The Trust argues that the portion of the Cliveden estate earmarked for development, by Countryside Properties, is a "brownfield" site, occupied by a derelict wartime hospital. It says Lord Astor himself had sanctioned the sale when Cliveden was given to the Trust in 1943.
The site is not visible from the main Cliveden mansion, though opponents say that the rise in traffic and disturbance from building works alone will damage the local environment.
Julian Lloyd, a Trust spokesman, confirmed last week that it was looking at other sell-offs: "There are other development land proposals. There are one or two others in the system. There will be two or three other development proposals."
However, the Trust subsequently confirmed only the proposed development at Dunham Massey.
One local councillor, Euan Felton, said: "We think that the Trust have lost their way on this one.
"The Trust is beginning to be the antithesis of what they were set up for."
A new Trust marketing strategy, which started this month, highlights the organisation's sites used as film or television locations as an enticement to join. For example, Lacock Abbey hosted recent productions of Jane Austen's Emma and Harry Potter. And Lyme Park was the setting for Granada television's remake of The Forsyte Saga.
The Trust is Britain's largest conservation body, with more than three million members and 3,000 staff. It owns more than 600,000 acres of land.
However, it has been forced to seek new sources of revenue to counter a decline of around £4m, which the Trust blames in part on falling visitor figures in the wake of the foot-and-mouth epidemic.
Promotional material for the Fox studios film Nicholas Nickleby, released last week, offers three months' free membership of the Trust for those who see the film at participating cinemas.

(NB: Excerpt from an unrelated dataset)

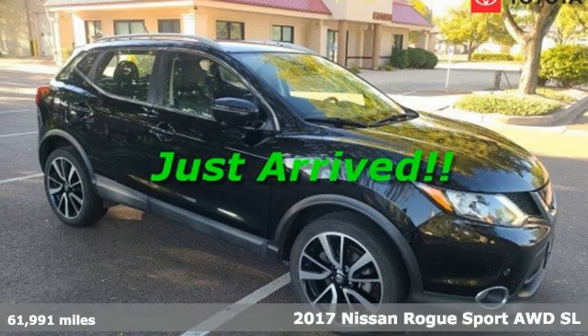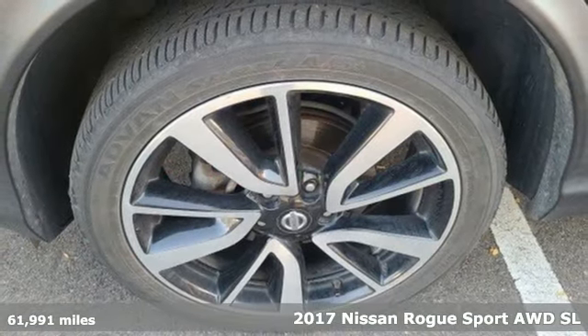Here's a 2017 Nissan Rogue Sport. Innovation, excitement, Nissan.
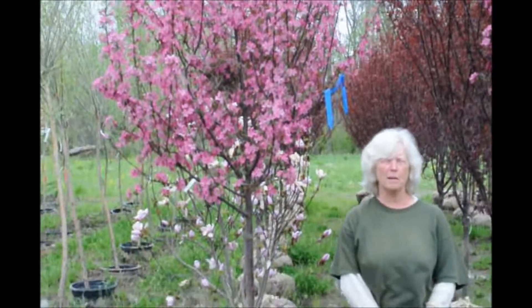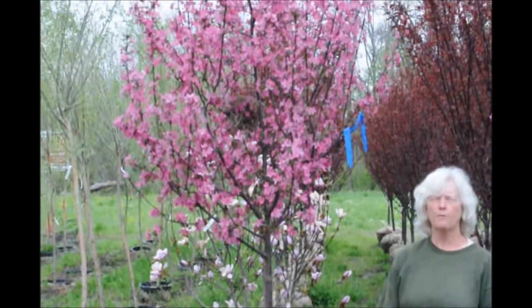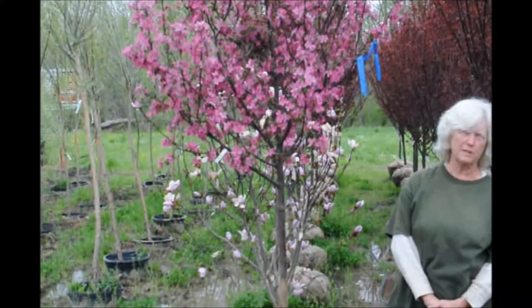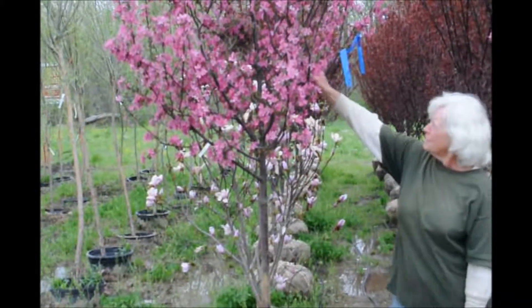You are at Highlands Hill Farm and I'm standing beside some Prairie Fire Crab Apples. Beautiful flowers, nice colored leaves for the summer. Birds like them. Take a look.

Last month, the Trust was attacked by archaeologists after it allowed a 300ft-high white eye to be painted beside one of the country's most important ancient remains - the Iron Age white horse on a hillside at Uffington, Oxfordshire.

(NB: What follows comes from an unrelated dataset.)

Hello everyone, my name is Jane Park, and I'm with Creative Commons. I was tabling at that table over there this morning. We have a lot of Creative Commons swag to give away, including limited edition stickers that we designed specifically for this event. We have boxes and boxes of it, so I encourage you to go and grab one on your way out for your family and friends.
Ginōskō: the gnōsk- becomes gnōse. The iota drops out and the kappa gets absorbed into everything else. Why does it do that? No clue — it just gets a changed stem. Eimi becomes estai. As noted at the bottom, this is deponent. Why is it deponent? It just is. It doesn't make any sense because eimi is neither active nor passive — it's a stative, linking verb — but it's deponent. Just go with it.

The offending eye, used to promote the new series of Big Brother, was removed after the series started.
Channel 4 is believed to have paid the Trust around £2,000 for permission to use the hillside for the advert. "There are pressures on resources," explains the Trust's Julian Lloyd. "As we've expanded, so those pressures have expanded. We have to look carefully at our cost base.
"These are expensive things to run, and there is a continual pressure on us. We are keen to innovate."
In April, an independent review of the Trust's internal structure by Lord Blakenham found it was neither "sufficiently consistent nor transparent", while its members were often "frustrated and dissatisfied".
National Trust members living near the proposed development at Cliveden are to put forward a resolution at the Trust's annual general meeting in November, expressing disgust at the charity's plans for Cliveden.